Richard Fariña was one of the shining lights of the early-1960s folk scene in New York City. He was born in 1937 in Brooklyn, NY, to an Irish-born mother and a Cuba-born father.

At the age of 23, Fariña married the then-popular folk singer Carolyn Hester in 1960 and became her agent while she toured worldwide. While recording her third album, a little-known Bob Dylan played harmonica on a few songs. Carolyn Hester introduced Dylan to the producer John Hammond of Columbia Records who then signed Dylan with Columbia. As another aside, Carolyn Hester was asked by Peter Yarrow and Paul Stookey to form a trio, which she declined.  The two men joined with Mary Travers, together becoming Peter, Paul, and Mary.

(From Wikipedia:  “John Hammond was instrumental in sparking or furthering numerous musical careers, including those of Bob Dylan, Bruce Springsteen, Benny Goodman, Harry James, Charlie Christian, Billie Holiday, Count Basie, Teddy Wilson, Big Joe Turner, Pete Seeger, Babatunde Olatunji, Aretha Franklin, George Benson, Freddie Green, Leonard Cohen, Arthur Russell, Jim Copp, Asha Puthli, Stevie Ray Vaughan and Mike Bloomfield. He is also largely responsible for the revival of delta blues artist Robert Johnson’s music.”)

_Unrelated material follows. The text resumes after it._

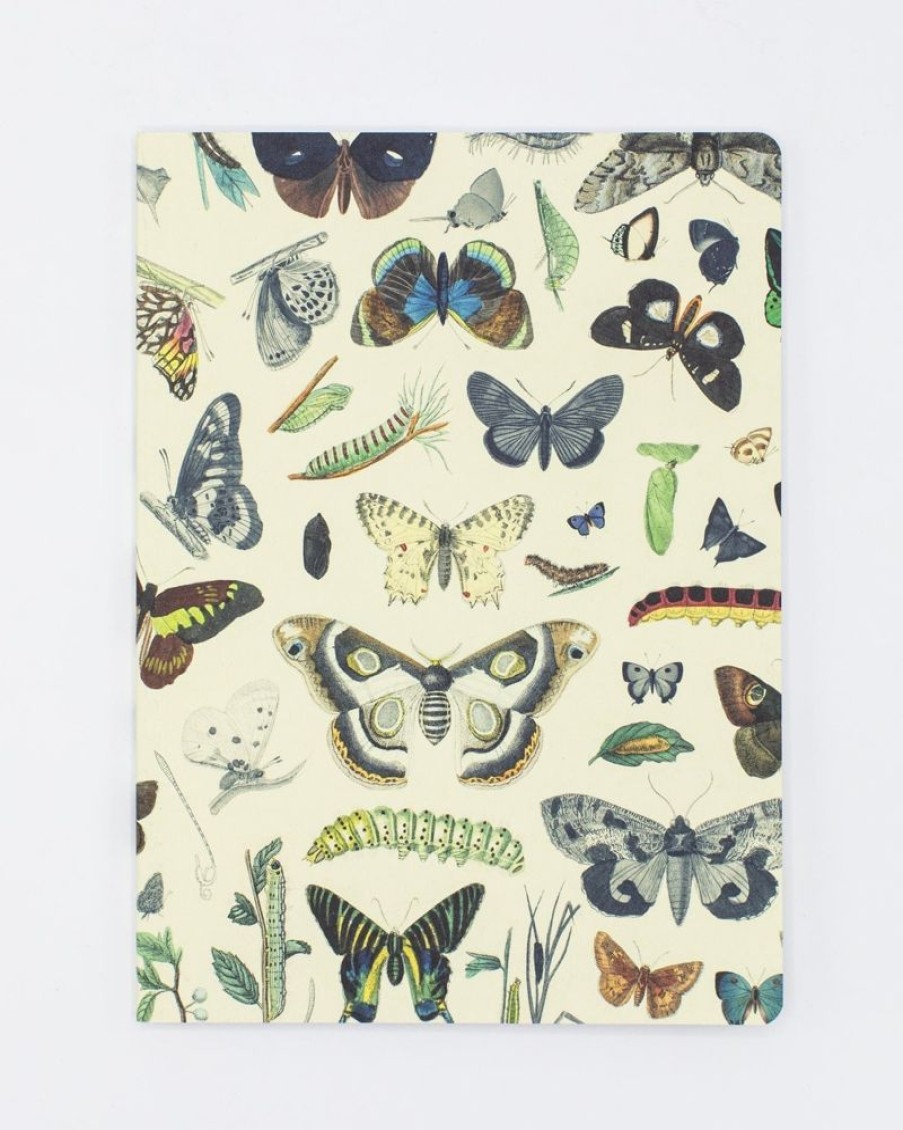 Notebooks Cognitive Surplus | Butterflies Softcover Notebook - Dot Grid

In 1962, Richard Fariña, then 25, met Mimi Baez, the 17-year-old younger sister of Joan Baez. According to the book book “Positively 4th Street: The Lives and Times of Joan Baez, Bob Dylan, Mimi Baez Fariña, and Richard Fariña,” the two Baez sisters and Richard Fariña and Bob Dylan were an inseparable part of the early New York folk scene. 

Richard and Mimi married in 1963 (author Thomas Pynchon, his college roommate, was the best man) and moved to a small cabin in Carmel, California.  Performing with Mimi Fariña on guitar and Richard Fariña on dulcimer, they debuted their duo act at Big Sur Folk Festival in 1964. They recorded two studio albums in 1965.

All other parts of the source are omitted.